It’s open (house) season! Three newly opened sites—3 World Trade Center, Domino Park and Hunter's Point South Waterfront Park—are among the must-sees of this year’s Open House New York Weekend, one of the largest architecture festivals in the country. The event unfolds over October 12 to 14.
In addition to the new sites, the festival will also host Factory Friday, where guests can attend off-the-radar tours of a dozen of facilities, among them Roni-Sue’s Chocolates on the Lower East Side, and Brooklyn's Breuckelen Distilling (makers of whiskey and gin), Sure Iron Works (steel fabrication) and Tri-Lox (architectural fabrication, wood products).
“Open House New York is known for opening buildings, but what we really do is use buildings to tell stories and engage communities around questions about the future of New York,” says Gregory Wessner, the organization’s executive director. “Now more than ever, we are reminded that openness and access—to the city and to each other—are fundamental to a healthy civic life.”
Also on deck are a female-focused initiative called Works by Women, highlighting a selection of architecture, landscape architecture and urban design projects with principal designers who are women. Among the sites are 122 Community Arts Center by Deborah Berke Partners, East Village; Brooklyn Army Terminal by WXY Architecture + Urban Design, Sunset Park, Brooklyn; Hauser & Wirth Gallery West 22nd Street by Selldorf Architects, Chelsea; and NYPL 53rd Street Library by TEN Arquitectos, midtown.
As usual, the weekend will host a selection of studio open houses—Workshop/APD in midtown; Skidmore Owings & Merrill in the Financial District; Jaklitsch/Gardner Architects in the Flower District, and LOT-EK in Nolita are all aboard.

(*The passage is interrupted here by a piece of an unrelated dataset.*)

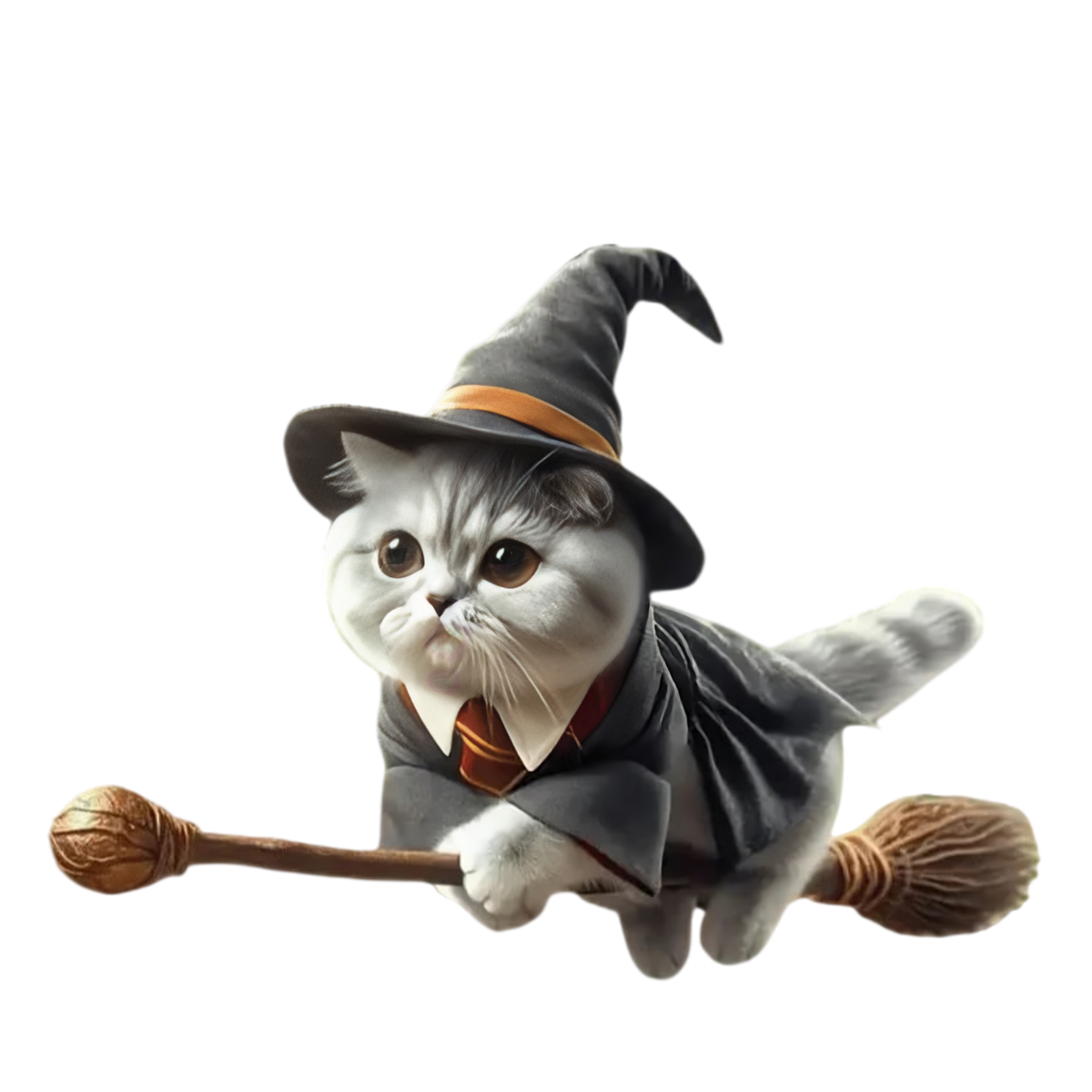 Magic Cat-Halloween Gifts For Cat Lovers Car Ornament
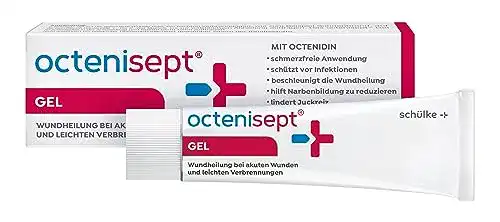 Octenisept Gel zur Förderung der Wundheilung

Organized by Open House New York, a nonprofit organization that “advocates for an open and inclusive city through year-round programs” in addition to the yearly main event, the festival will also celebrate the 25th anniversary of the Municipal Art Society with a selection of iconic sites such as Times Square and Staten Island's Freshkills Park to reveal the ways the society “helped preserve, shape or re-imagine the city’s built environment.”